Yeah, a high percentage of our Catholic churches do not have better community than our Protestant brothers and sisters. Like that's real.

SPEAKER_02

Well, that's why I said, you know, the cot the conversations between Protestants and Catholics are more sophisticated now than what they were before. So the people who are coming into the faith, they're more well read and they're engaging in the sophisticated conversations, and so they in turn are a little bit more sophisticated in their formation and in their desire for truth, right? So it's it's amazing what's happening.

SPEAKER_01

I think in our volunteers are also there's a di there's a difference in the sophistication as well, but maybe not as much in the in the intellectual formation that we're seeing. I think that that's always kind of been there kind of front and center for the Catholic Church for a long time. But I think that we're finally we finally caught up on the emotional intelligence level of being able to talk about our relationship with Jesus in a way that doesn't come off at or doesn't ring the same alarm bells that it used to for for a lot of our Protestant brothers and sisters because we're because we're able to communicate it in the in a in a similar way. And that vocabulary I just don't think was there as much now. So I think we've grown on both sides in a way to meet closer in the middle, and that's just the whole thing. I agree.
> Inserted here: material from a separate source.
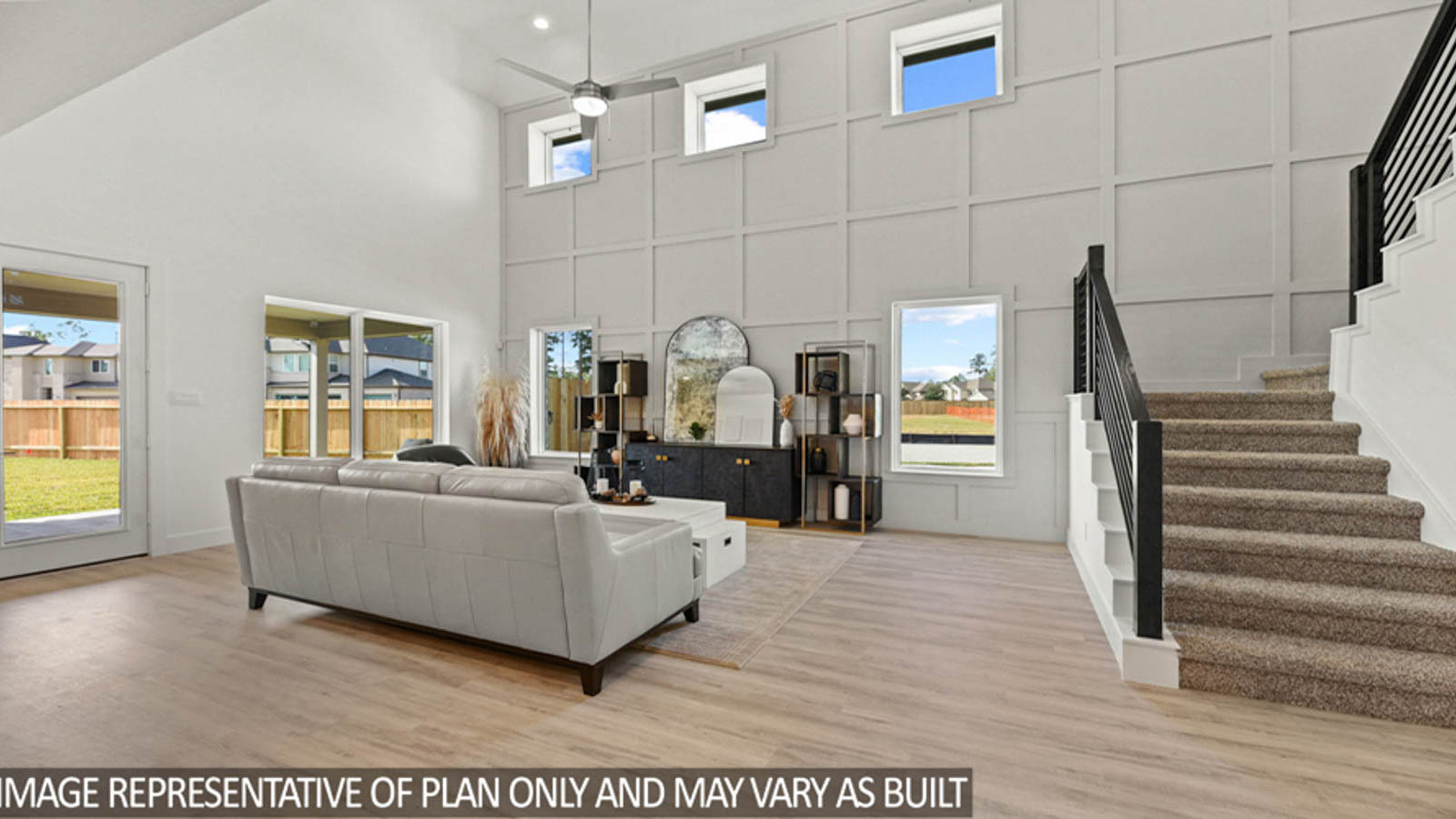 Open concept living and dining area with vinyl flooring and bright windows.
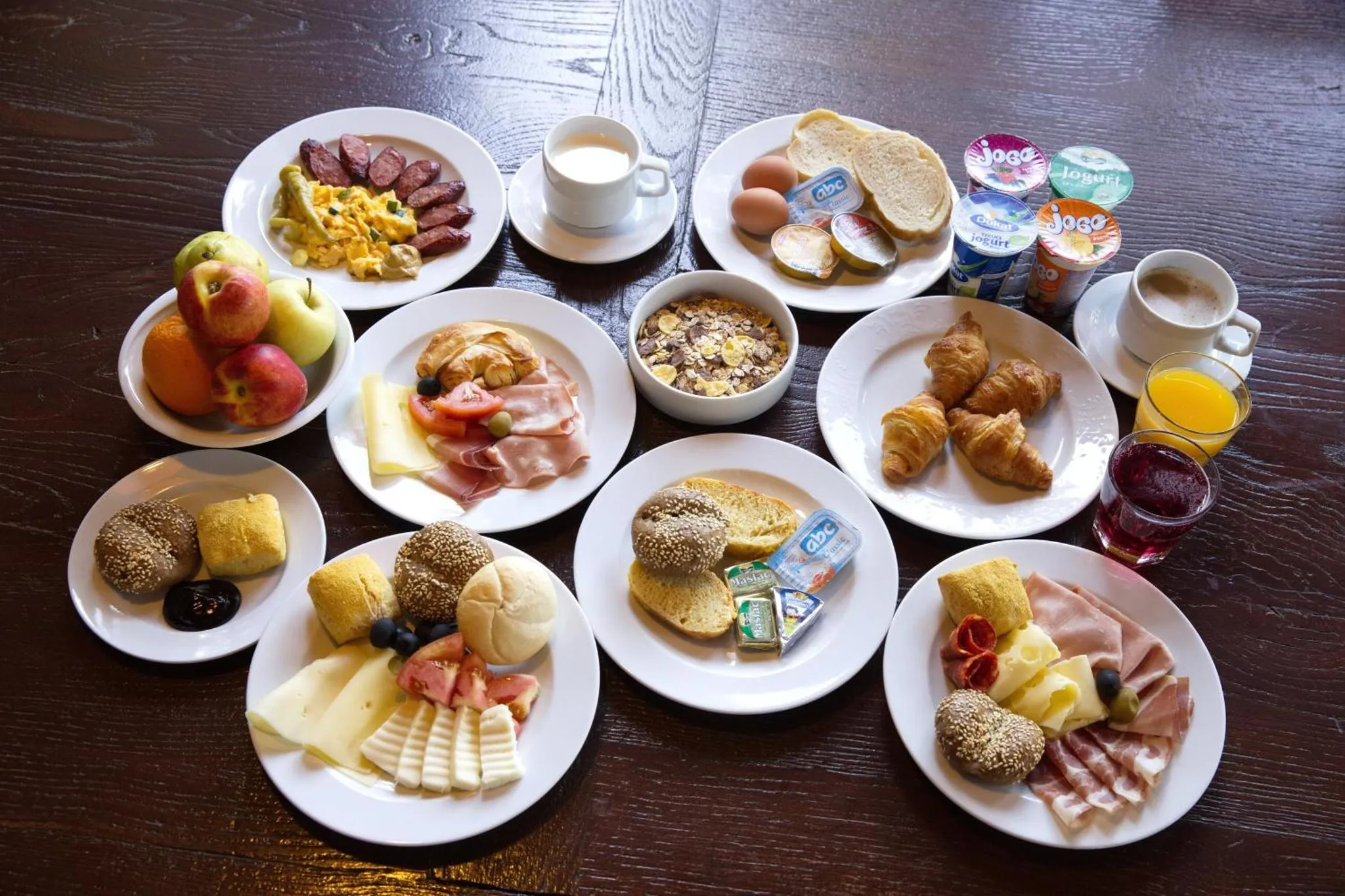 Une table est dressée avec un copieux petit-déjeuner composé de viennoiseries, de charcuteries, de fruits et de boissons.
Culture Shocks Driving Truth-Seeking

SPEAKER_02

I mean, that's a that's a great point to where Catholics now are I hate to say this, but Catholics finally are coming to the point of having an authentic true relationship with our Lord. And so whenever they evangelize or talk now, they're able to do what evangelization is, which is essentially just sharing a lived experience with the Lord Jesus. As Pope Pope Benedict XVI had stated in one of his addresses. I mean, that's what evangelists, you know, when our Lord called the disciples, he called them to come and be with him for three years, to sit with him, to eat with him, to converse with him, to cry with him, to be frustrated with him, to live with him and experience him. And so when he sends them out, all they gotta do is just go and share the lived experience. And I think that's the lesson for us to learn in evangelization. And so we ain't gonna be able to evangelize unless we have first unless we're first with the Lord. You can't give what you don't have, you know?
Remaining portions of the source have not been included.